Beim EU-Gipfel vergangenen Freitag wurden weitreichende Maßnahmen beschlossen und an dieser Stelle bereits skizziert. Die Staatschefs der Europäischen Union (speziell jene der Euro-Länder) wollen wirtschaftlich näher zusammenrücken, und in Zukunft ihre Fiskalpolitik aufeinander abstimmen (Dokumente hier und hier). Dazu zählen folgende Maßnahmen:
A. Fiskalpolitische Disziplin:
- In den Einzelstaaten sollen Schuldenbremsen im Verfassungsrang beschlossen werden, die die Neuverschuldung auf 0,5% begrenzt – die EU-Kommission legt Prinzipien für die grundlegende Funktionsweise dieser fiskalpolitischen Regel fest.

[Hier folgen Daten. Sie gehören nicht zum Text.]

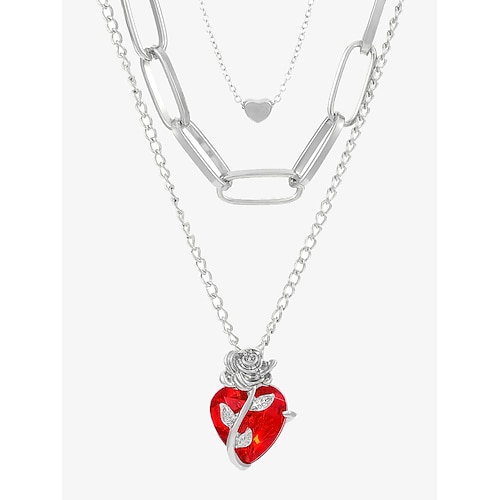 Damenhalskette mit rotem Herzanhänger und schwarzem Rosendesign – romantischer Gothic-Schmuck für den Valentinstag, Partys und besondere Anlässe Image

- Mitgliedsstaaten die Teil der Excessive Deficit Procedure sind, werden von der Kommission in ein partnership programme gezwungen, dass die Strukturreformen (meist Liberalisierung und Flexibilisierung) für dieses Land festlegt.

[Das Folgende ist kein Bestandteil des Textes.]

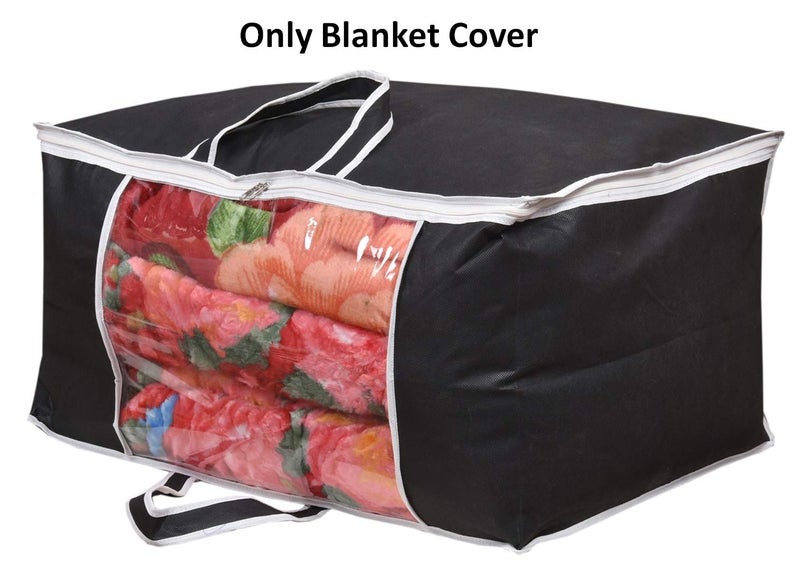 Yellow Weaves™ Combo of Underbed Storage Bag, Storage Organiser, Blanket Cover with Designer Handles, Set of 6 Pcs - Multi Color - Image 2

- Die Mitgliedsstaaten verpflichten sich im Vorhinein (ex ante) ihre zukünftigen Schulden zu melden.
- Bei einem Neudefizit von mehr als 3% des BIP werden Maßnahmen gesetzt, um die Neuverschuldung zu senken (allerdings ohne weitere Spezifizierung).
B. Stärkung der Stabilisierungsinstrumente:
C. Details zum ESM:
- Der ESM soll den privaten Sektor mit einschließen und sich an den dafür vorgesehenen Prinzipien und Praktiken des IWF orientieren.
- Die Stimmrechte werden so geändert, dass in Krisenfällen 85% Zustimmung für einen Beschluss genügen – die Einstimmigkeit fällt damit.
Conclusio:
Grundsätzlich ist die Bereitschaft der EU, fiskalpolitisch näher zusammenzurücken, begrüßenswert. Dabei kann auch darüber hinweg gesehen werden, dass Großbritannien sich – fast schon traditionell – einer weiteren Integration entgegengestellt hat. Begrüßenswert sind auch die Initiativen in Richtung eines Stabilitätsmechanismus, der in Not geratene Staaten Kapitalspritzen geben kann. Die Aufhebung des Einstimmigkeitsprinzips ist zu begrüßen, Blockaden werden so weniger wahrscheinlich und mit 85% erforderlicher Zustimmung liegt die Latte ohnehin relativ hoch.
Weniger erfreulich ist, dass die EU offensichtlich Gefallen an dem alten Beispiel der schwäbischen Hausfrau findet, die in der Not sparen muss, um ihre Schulden bedienen zu können. Die Staatschefs der Europäischen Union haben sich für einen rigiden Sparkurs mit automatischen Schuldenbremsen (im Verfassungsrang) entschieden. Problematisch hierbei ist vor allem die eingeschränkte Fähigkeit der öffentlichen Haushalte auf zukünftige Krisen adäquat reagieren zu können. von den demokratiepolitischen Problemen ganz zu schweigen. Die Kosten kurz- und langfristig werden wir alle zu tragen haben: Höhere Arbeitslosigkeit, Abwanderung aufgrund fehlender Perspektiven und der drohende Verlust des gesellschaftlichen Zusammenhalts. In einer aktuellen Presseaussendung sieht das WIFO die Gefahr, dass die Sparbemühungen der EU-Staaten zu einer weiteren Dämpfung der Konjunktur führen kann. Übersetzt: Mehr Arbeitslose, mehr Transferausgaben, mehr Schulden, mehr Sparen. Ein Teufelskreis. Die EU scheint darauf zu warten, dass Wachstumsimpulse entweder aus den Schwellenländern (China, Brasilien, Indien) kommen, oder dass die Wirtschaft von selbst zurück ins Gleichgewicht findet, wenn man nur genug spart. Beides erinnert an den Hasen, der vor lauter Schreck vor der Schlange erstarrt.